A report from Kantar on The Future Viewing Experience suggests that the smart television is now the primary driver of increased usage of online video services as viewers watch on the best available screen. The era of set-top boxes is coming to an end and the network-connected television is becoming the main video delivery gateway to the home. The report provides a useful summary of the evolution of viewer experiences and behaviours, outlining the opportunities and challenges for media owners, advertisers and agencies, as well as highlighting the implications for audience measurement.

“Media and entertainment is a multi-trillion-dollar industry, buoyed by improved technology, connectivity and a thirst for content,” said Manish Bhatia, the chief product officer for the media division of research company Kantar. “The report focuses on the trends and opportunities related to future delivery and viewer experience and behaviour, delivering insight into the implications for both the industry and audience measurement.”
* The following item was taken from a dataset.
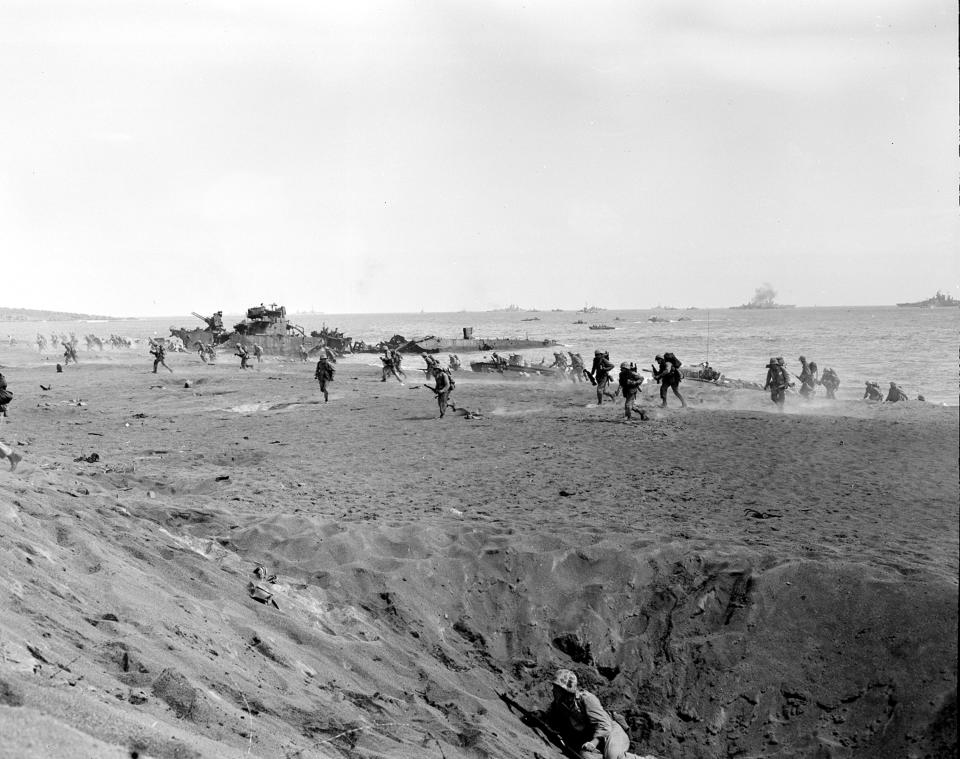 U.S. Marines of the 4th Division charge ashore at the start of the Iwo Jima invasion, running for cover in shell holes and bomb craters made by pre-invasion bombardments, on Feb. 25, 1945, during World War II. Warships offshore gave heavy gun support.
Kantar - The Future Viewing Experience

A key underlying assumption is that over the coming decades is that the internet will be used for distribution of television and video, leaving terrestrial and satellite to complete coverage, although broadcast delivery may endure far into the next decade.

Smart televisions will have a critical role to play as the main entertainment gateway into the home. They have been around for a while, but early interfaces were poor and connectivity was limited. The initial industry focus was on other devices connected to the television screen, and on phones and tablets.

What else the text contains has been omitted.